Delegation comments included the word ‘deplorable’ when describing the condition of various properties in the village. The delegation suggested that not only are the properties in question eyesores, there is a concern about the impact to neighbouring property values and possible environmental issues.
In the opinion of this delegation, there seemed to be no follow up after an official complaint was lodged with the village. According to administration, citizen complaints regarding unsightly premises, derelict vehicles, noise restrictions, and recreational vehicle storage are received regularly.
Chief Administrative Officer (CAO) Karen Fegan outlined the complaints procedure, explaining how some of the town’s bylaws don’t have enough teeth to give officials sufficient ability to enforce community standards. Some of the properties in question have been long-term concerns for the village, potentially affecting neighbourhood property values and quality of life. These ongoing issues have become a nuisance, stretching personnel resources and may even become hazardous to public health.
Council agreed that a person’s quality of life can be undermined by noisy neighbours, messy properties or similar problems. Coun. Tim Wilson said, “When it is consistent and you’re not comfortable in your environment, that’s another thing.”
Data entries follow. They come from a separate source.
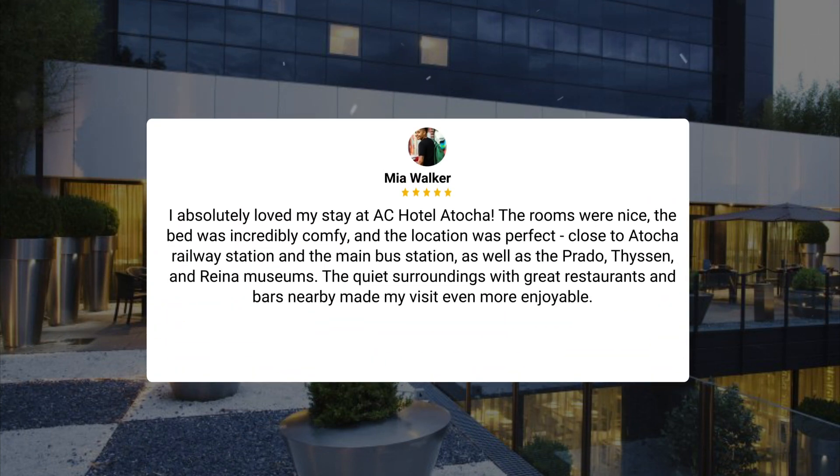I absolutely loved my stay at AC Hotel Atocha. The rooms were nice, the bed was incredibly comfy, and the location was perfect — close to Atocha railway station and the main bus station, as well as the Prado, Thyssen, and Reina museums. The quiet surroundings with great restaurants and bars nearby made my visit even more enjoyable.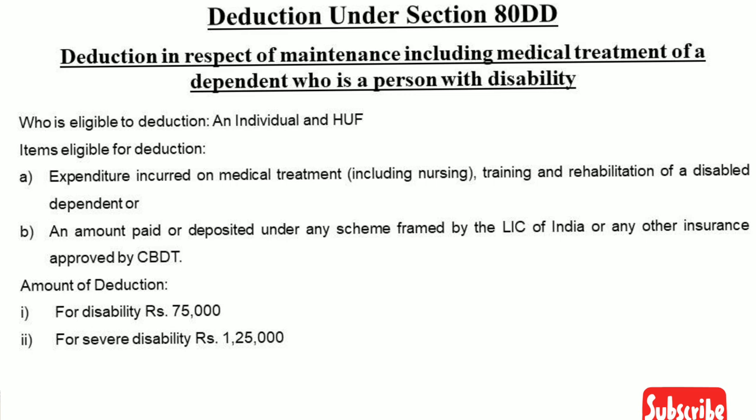Under medical treatment — nursing expenses, training and rehabilitation of a disabled dependent — all expenditure qualifies for deduction. Additionally, an amount paid or deposited under any scheme framed by LIC of India or any other insurer approved by CDDT is also eligible.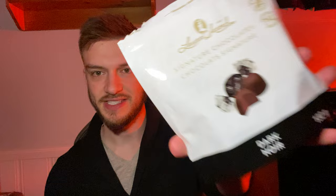Hello everyone. In this video I'm going to be doing a review of the Laura Secord Signature Chocolates — the dark chocolate.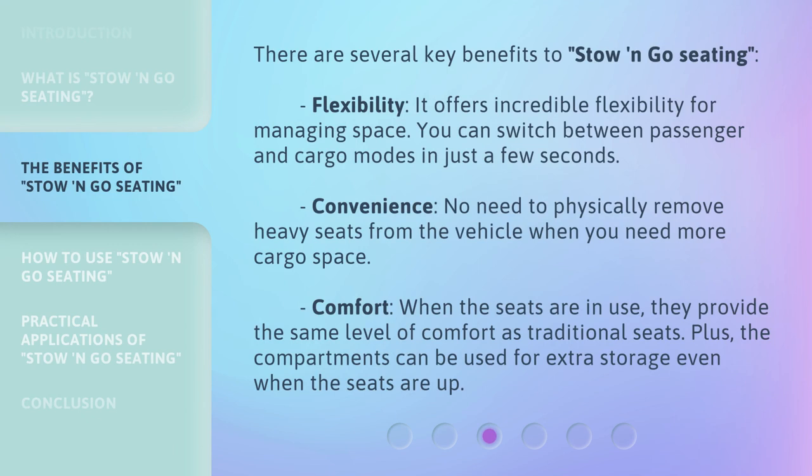There are several key benefits to stow and go seating. Flexibility: it offers incredible flexibility for managing space — you can switch between passenger and cargo modes in just a few seconds. Convenience: no need to physically remove heavy seats from the vehicle when you need more cargo space. Comfort: when the seats are in use, they provide the same level of comfort as traditional seats. Plus, the compartments can be used for extra storage even when the seats are up.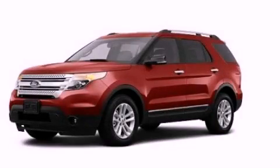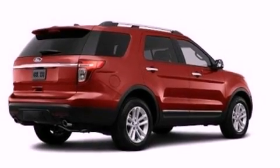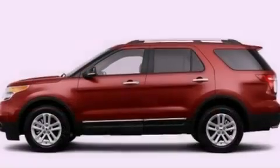This is a brand-new 2013 Ford Explorer, a big SUV for big fun. It has a 3.5-liter, six-cylinder engine and an automatic transmission.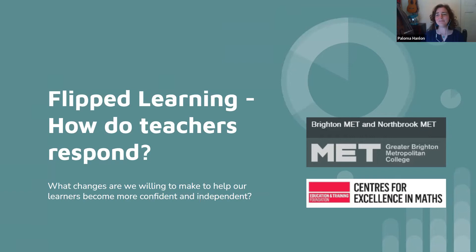Good morning, everybody. I'm Paloma Hanlon. I'm from Northbrook Met. I'm the MEP lead and the action research lead. Our action research project this year was investigating flipped learning — specifically, how do teachers respond? We were looking at what changes we are willing to make to help our learners become more confident and independent.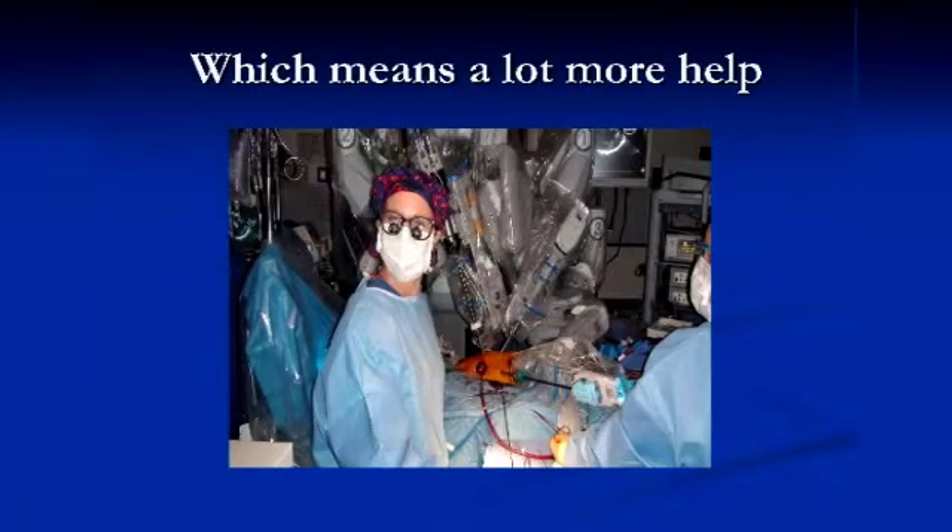All of this adds up to a ton more help. This is one of our partners in practice, Cheryl Healy, a nurse practitioner — she's the bedside assistant for my cases. You can see here that we've docked the robot. She's working through this port and looking at one of these video screens to do her work. She has the same view via the video screen and her own port access as I have. That's a view that an assistant would never have otherwise.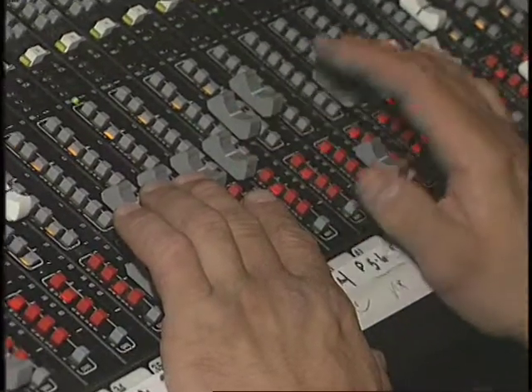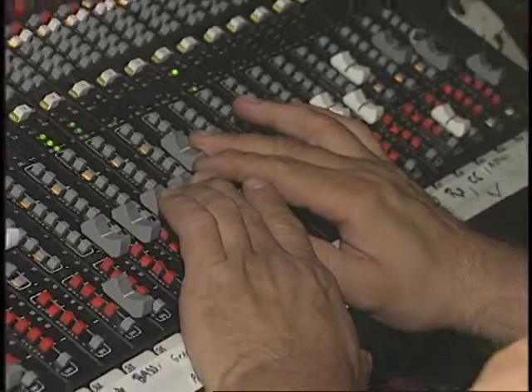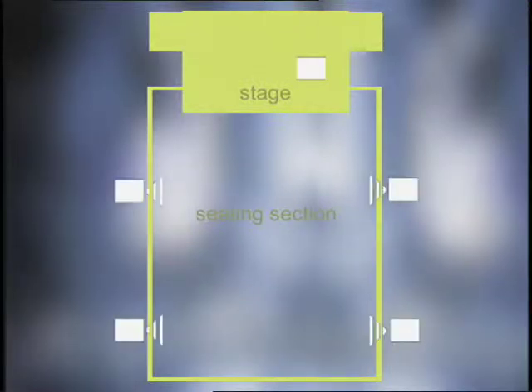Instead of just doing a stereo mix, I took a lot of the songs and mixed them to 7 discrete channels so that we could send certain things to a subwoofer, or we could also send things to the back of the hall, to the side of the hall, so people would get a real surround sound experience and feel like the sound was coming from everywhere.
This is not the first time bylaw enforcement problems have been discussed. Council raised concerns at their June 12 meeting about recreational vehicles parked adjacent to homes on residential streets. Council agreed that all the bylaws and enforcement policies regarding these issues need to be reviewed.
“We don’t have to reinvent the wheel,” stated Coun. Jeff Bourne, but he agreed that amendments were needed to existing bylaws. “We need to find a long term solution, not a solution for this week.”
Administration was directed to do some research and determine the scope of a community standards bylaw regarding hazardous and unsightly premises.